> [Activity] Repeat every record exactly, but keep images out of the copy.

(Beginning of Data for processing)

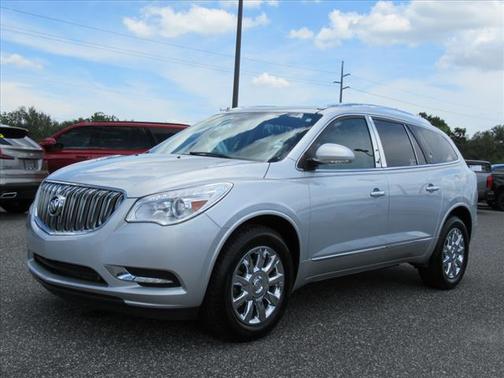 2015 Buick Enclave Premium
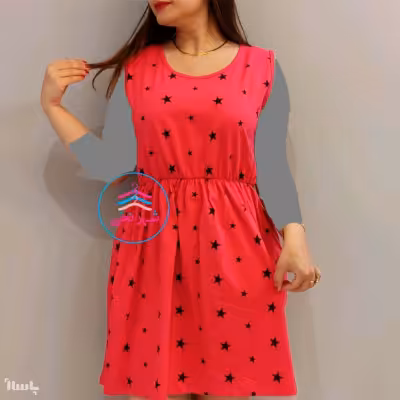 سارافون یا پیراهن ستاره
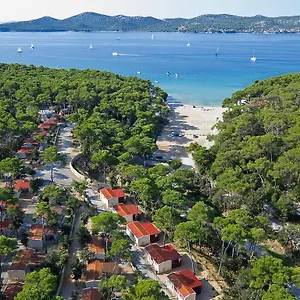 Park Soline Mobile Homes Croatia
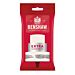 Renshaw Extra Ready to Roll Icing White - Valkoinen sokerimassa, 250g.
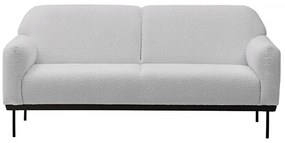 Szürke design kanapé ANDERSON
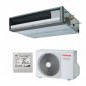 Toshiba RAV-HM801SDTY-E + RAV-GM802ATP-E Gainable Extra-Plat Digital Inverter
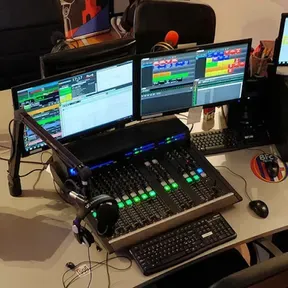 Outside Broadcast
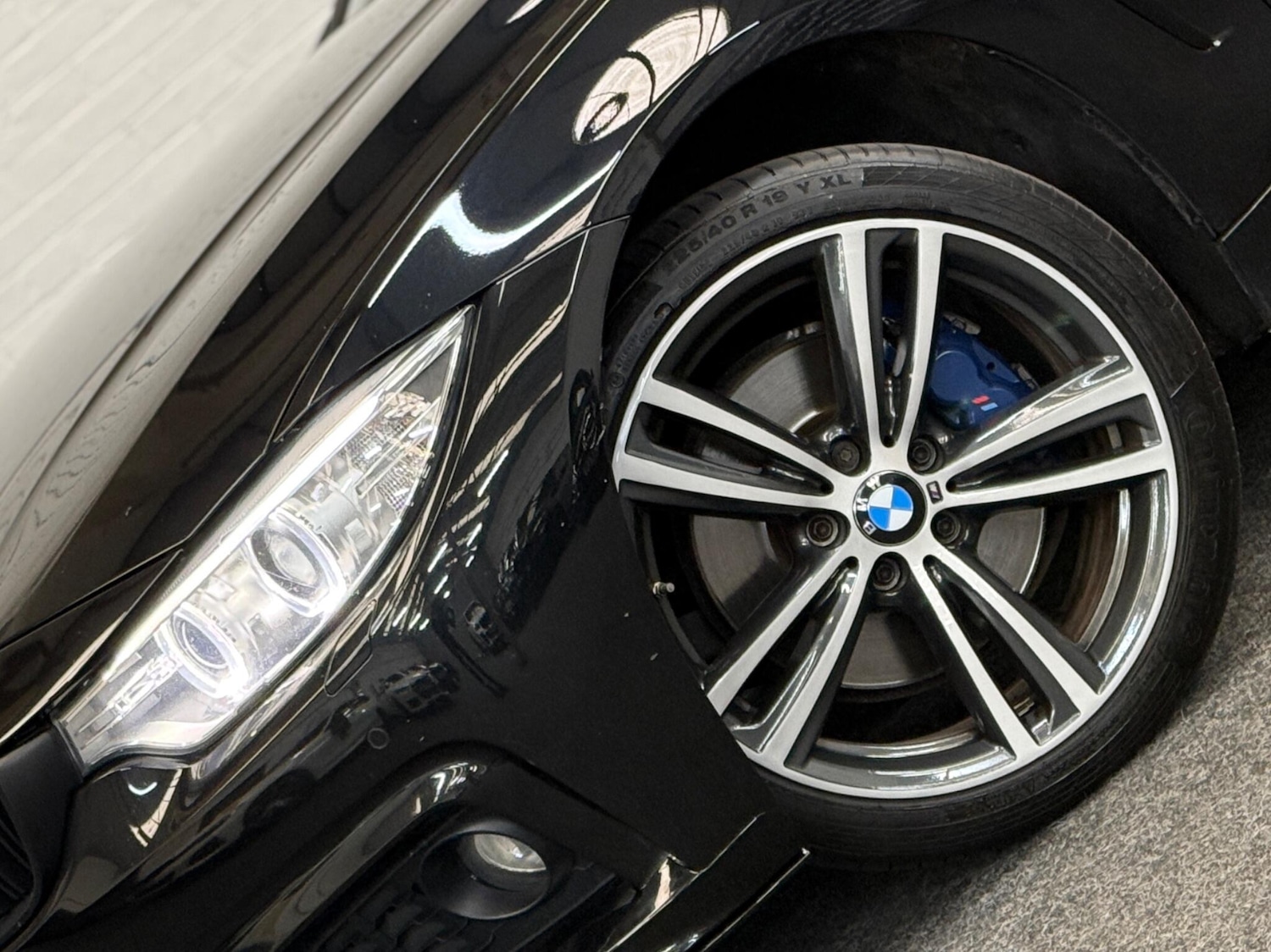 Used BMW 4 Series 2017 for sale - 76659298: Photo 66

(End of Data for processing)

> [Exercise solution]
 2015 Buick Enclave Premium
 سارافون یا پیراهن ستاره
 Park Soline Mobile Homes Croatia
 Renshaw Extra Ready to Roll Icing White - Valkoinen sokerimassa, 250g.
 Szürke design kanapé ANDERSON
 Toshiba RAV-HM801SDTY-E + RAV-GM802ATP-E Gainable Extra-Plat Digital Inverter
 Outside Broadcast
 Used BMW 4 Series 2017 for sale - 76659298: Photo 66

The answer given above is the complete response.